Le origini dei file non sono chiare e ancora non è stata potuta verificare l’attendibilità ma, nonostante ciò, la notizia ha sconvolto la comunity di cybersecurity globale che sta cercando di mettersi al riparo.
Gli esperti informatici che hanno studiato i documenti hanno evidenziato comunicazioni del fornitore – ufficialmente noto come Shanghai Anxun Information Technology Co. – sulla vendita di dati rubati a clienti tra cui il Ministero della Pubblica Sicurezza e l’esercito cinese. Inclusi anche dati apparentemente ottenuti da governi occidentali come il Regno Unito e l’Australia, nonché da Paesi amici della Cina come il Pakistan. Nei 570 file c’erano anche numerose testimonianze del fatto che la società potrebbe aver violato account e dispositivi di aziende tecnologiche statunitensi come Microsoft Corp, Apple Inc. e Google di Alphabet Inc.

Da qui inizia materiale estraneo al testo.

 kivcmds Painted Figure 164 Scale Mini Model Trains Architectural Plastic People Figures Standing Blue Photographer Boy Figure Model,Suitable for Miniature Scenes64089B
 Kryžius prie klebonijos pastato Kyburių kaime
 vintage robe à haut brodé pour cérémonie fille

I ricercatori di sicurezza affermano che i documenti offrono un raro sguardo sull’ecosistema di appaltatori che eseguono attacchi informatici per il governo cinese.
“Si tratta di una fuga di notizie molto curata, che sembra un lavoro di rappresaglia da parte di qualcuno che vuole mettere la vittima nei guai con le autorità di tutto il mondo”, ha detto David Robinson, co-fondatore della società australiana di sicurezza informatica Internet 2.0. “Si crea una situazione difficile per il governo centrale cinese su cosa fare al riguardo”.

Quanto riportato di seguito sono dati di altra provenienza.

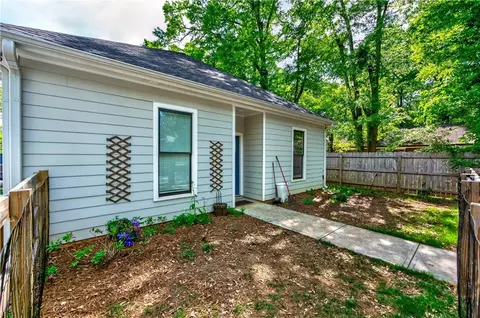 Exterior - 1001 Davis St, Monroe, GA 30655 photo 5 of 12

In realtà, stando agli esperti, erano poche le informazioni ipersensibili o potenzialmente pericolose contenute nei documenti.
Tuttavia, essendo I-Soon il più grande fornitore informatico cinese, la questione è molto imbarazzante per Pechino, come ha anche sottolineato da Dakota Cary, consulente focalizzato sulla Cina presso la società di sicurezza informatica statunitense SentinelOne. “Il governo cinese è piuttosto preoccupato per l’opinione pubblica globale per quanto riguarda gli attacchi e ha chiaramente una strategia mediatica per promuovere narrazioni secondo cui la Cina è vittima dell’hacking occidentale”, ha detto. “Non è uno Snowden, ma è un problema interno: ora ci sono molti dati pubblici trapelati a cui altri Paesi, compresi gli Stati Uniti, potranno fare riferimento in futuro”. Cary, studiando il leak, ha trovato un foglio di calcolo con un elenco di archivi di dati raccolti dalle vittime e ha contato 14 governi come obiettivi, tra cui India, Indonesia e Nigeria.I documenti mostrano dunque l’apparente hacking di reti in tutta l’Asia centrale e sud-orientale, così come a Hong Kong e all’isola autogovernata di Taiwan, che Pechino rivendica come suo territorio.
Durante una conferenza stampa giovedì scorso, la portavoce del ministero degli Esteri cinese, Mao Ning, ha detto di non sapere molto sulla vicenda: “In linea di principio, la Cina si oppone fermamente e reprime tutte le forme di attacchi informatici in conformità con la legge”, ha dichiarato Niing.